Job Postings

Postdoctoral Researcher on the Impact of Climate Adaptation on Poverty Traps


Are you interested in interdisciplinary research projects? Do you like to work in a team of researchers working on societal challenges? We are seeking a post-doctoral researcher is interested in interdisciplinary research in the impact of climate change adaptation on poverty traps, and who likes to bridge research insights developed in computational science, environmental science, and developmental economics with practice.

As researcher you will be part of the Accelerating Scientific Discovery project ‘Computing societal dynamics of climate change adaptation in cities’. The project focuses on modelling the feedbacks between climate change adaptation and poverty traps. Specifically, we study the role of adaptation in shaping risk using spatially explicit modelling of the socio-economic dynamics related to climate change adaptation (CCA), and how dynamics in poverty levels impact adaptive capacity. Spatial agent-based modelling (SABM), enabled by growing computing power, has been successfully applied to analyse macro-outcomes in a virtual society, emerging out of the actions and interactions of individual heterogeneous agents in a city or region. Agent decision-making is flexible and incorporates behavioural factors, bounded rationality, interactions, and learning. Although SABM is actively used to study social, economic, and environmental problems, including CCA, they have not yet been used to explore the mutual dynamics of adverse climate impacts and poverty traps. You are expected to make methodological advancements in understanding the role of CCA in the emergence of poverty traps.
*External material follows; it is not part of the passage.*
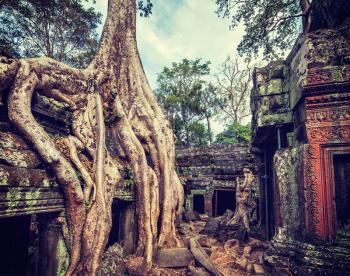 Vintage retro effect filtered hipster style travel image of ancient ruins with tree roots, Ta Prohm temple, Angkor, Cambodia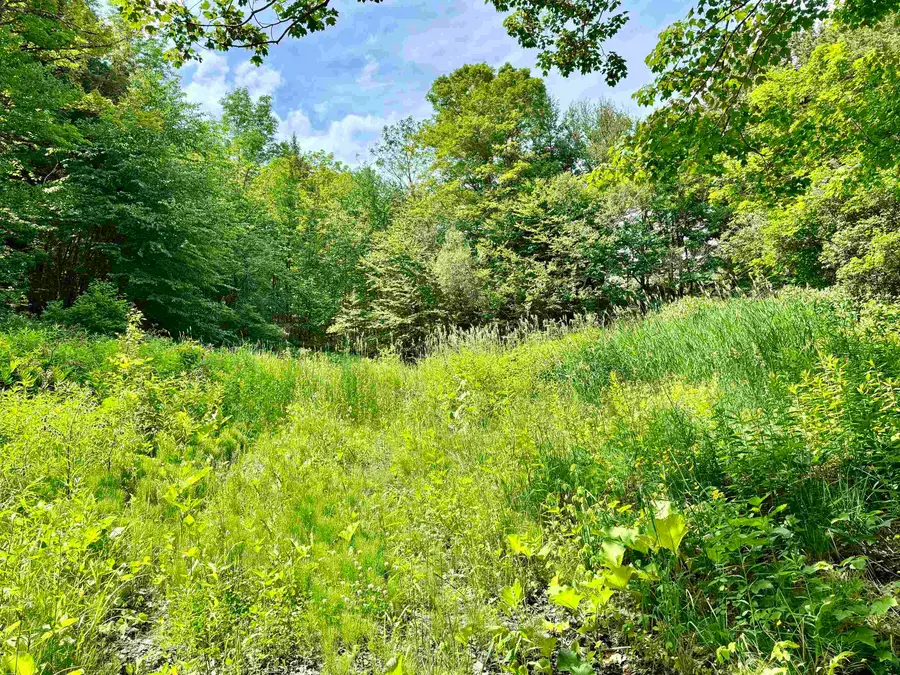 62 Foundry Road, Tunbridge, VT 05077 - #3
Further, to properly evaluate and understand the impact of a particular policy, it is necessary to develop natural-scale simulations and execute several simulation instances. Therefore, you should explore several strategies in scaling the SABM in collaboration with engineers from the Netherlands eScience Centre within this project. Speeding up massive SABM is crucial for their application to real world problems, especially when CCA decisions are to impact marginalized communities in cities on the Global South. You will specifically focus on urban informal settlements and collaborations with the Red Cross Red Crescent Climate Centre are foreseen.

You will be hired at the Computational Science Lab, Informatics Institute (IvI) in the Faculty of Science (FNWI) at the University of Amsterdam (UvA). You are also expected to spend part of your time at the Department of Multi-Actor Systems in the Faculty of Technology, Policy and Management at TU Delft, and to collaborate actively with the Netherlands eScience Centre.

What are you going to do

  • Develop and scale up a spatially explicit agent-based model to systematically explore the factors reinforcing poverty traps as climate change intensifies.
  • Perform sensitivity analysis of the model. Develop and implement strategies for model calibration and validation.
  • Collaborate with researchers at Red Cross Red Crescent Climate Centre to explore a wide range of real-world scenarios using the agent-based model.
  • Publish in high level international journals, presenting at leading conferences and collaborate with PhD/Master/Bachelor students.
  • Assure research data management following the FAIR data principles.
  • You will have the opportunity to contribute to policy reports and translating scientific evidence to practical recommendations.

What do we require of you

  • PhD degree in Computer Science, Developmental Economics or Environmental Sciences and interests in the social sciences.
  • Expertise in spatial agent-based modelling and good understanding of methods for model analysis and evaluation (e.g. global sensitivity analysis). Experience with programming agent-based models in Python.
  • Background in the field of poverty traps, climate change or flood risk policy is an asset.
  • Ability to work well within a multidisciplinary team.
  • Good communicative skills in English, both written and oral. Please identify your three key publications in the motivation letter.